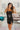 Frontal view of the Icon Mini Dress that features a black colored PU material, a straight neckline, a sleeveless design, a small front slit, and a hidden back zipper.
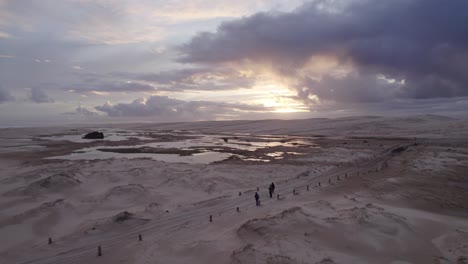 cloudy sunset sky over wet sand dunes of stockton beach in new south wales with tourists revealed in foreground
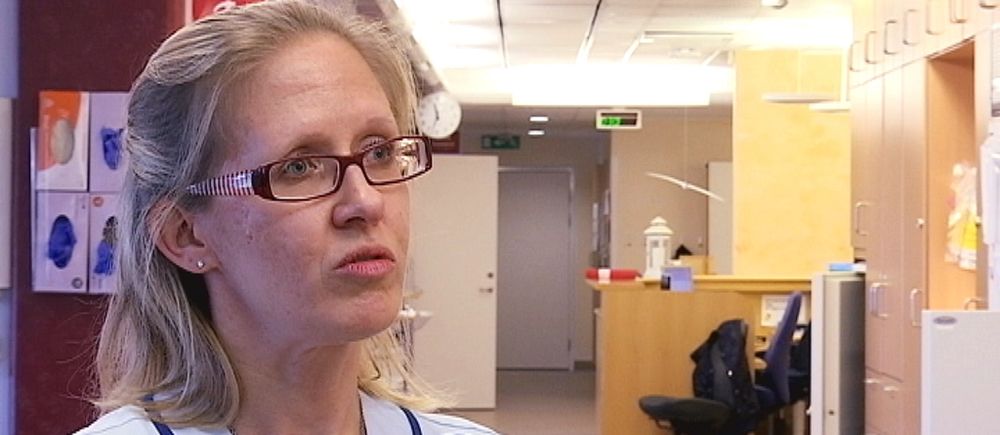 Porträttbild på sjuksköterskan Annki Svedberg som står i en sjukhuskorridor.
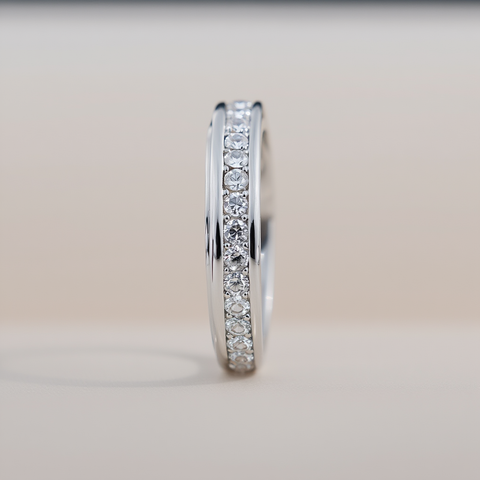 Silver ring with small diamonds on a light gray background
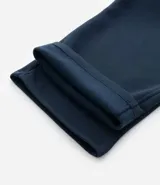 Pantalón de corte recto confeccionado en tejido de algodón y poliéster, con cintura elástica ajustable mediante lazo y bolsillos laterales.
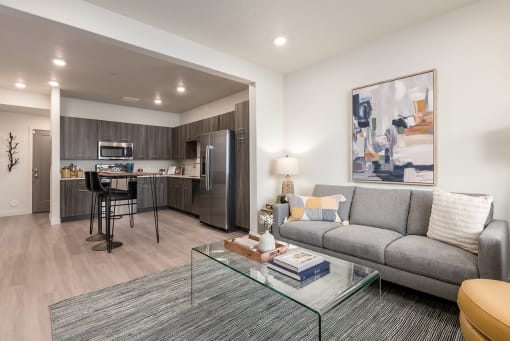 a living room with a couch and a glass table
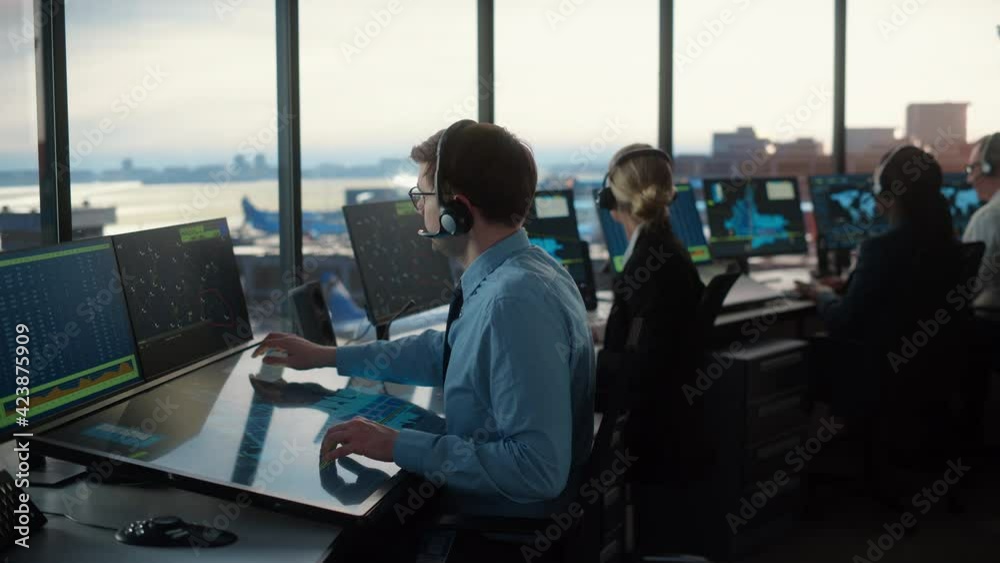Male Air Traffic Controller with Headset Using Touchscreen Table Panel in Airport Tower. Office Room is Full of Computers with Navigation Screens, Airplane Departure and Arrival Data for the Team. Male Air Traffic Controller with Headset Using Touchscreen Table Panel in Airport Tower. Office Room is Full of Computers with Navigation Screens, Airplane Departure and Arrival Data for the Team.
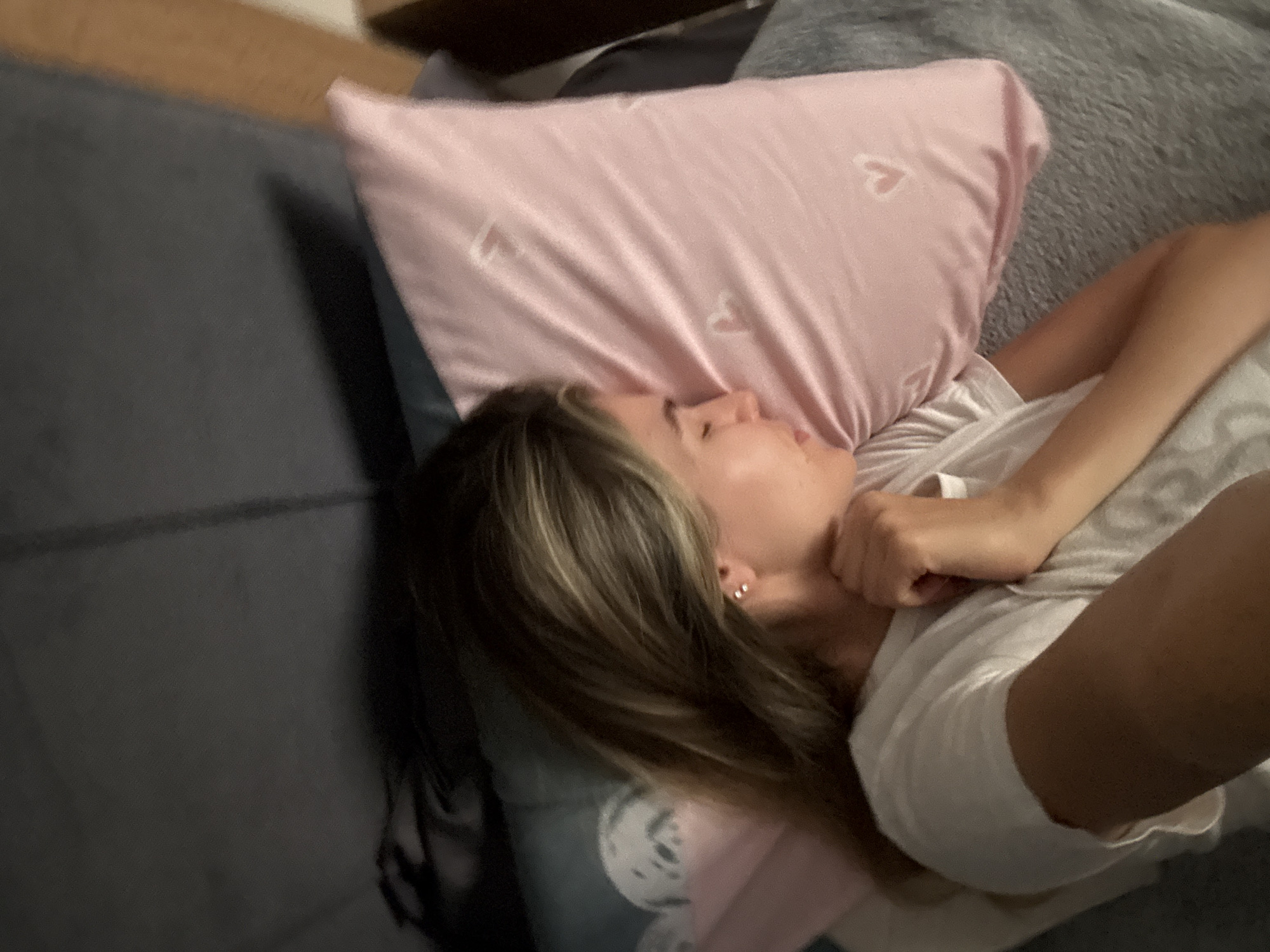 The image shows a young woman sleeping on a bed, with her head resting on a pink pillow adorned with small white hearts. She is wearing a white t-shirt. The bedding appears to be dark gray. The scene is dimly lit, suggesting it might be nighttime or indoors with low light. The woman is positioned on her side, with her right hand near her face. The background is slightly blurred but suggests a bedroom environment. No specific city or location details are visible in the image.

· · · ·

__Task description__.
Return the data above in its exact wording, with none of the pictures.

__Finished task__.
 Frontal view of the Icon Mini Dress that features a black colored PU material, a straight neckline, a sleeveless design, a small front slit, and a hidden back zipper.
 cloudy sunset sky over wet sand dunes of stockton beach in new south wales with tourists revealed in foreground
 Porträttbild på sjuksköterskan Annki Svedberg som står i en sjukhuskorridor.
 Silver ring with small diamonds on a light gray background
 Pantalón de corte recto confeccionado en tejido de algodón y poliéster, con cintura elástica ajustable mediante lazo y bolsillos laterales.
 a living room with a couch and a glass table
Male Air Traffic Controller with Headset Using Touchscreen Table Panel in Airport Tower. Office Room is Full of Computers with Navigation Screens, Airplane Departure and Arrival Data for the Team. Male Air Traffic Controller with Headset Using Touchscreen Table Panel in Airport Tower. Office Room is Full of Computers with Navigation Screens, Airplane Departure and Arrival Data for the Team.
 The image shows a young woman sleeping on a bed, with her head resting on a pink pillow adorned with small white hearts. She is wearing a white t-shirt. The bedding appears to be dark gray. The scene is dimly lit, suggesting it might be nighttime or indoors with low light. The woman is positioned on her side, with her right hand near her face. The background is slightly blurred but suggests a bedroom environment. No specific city or location details are visible in the image.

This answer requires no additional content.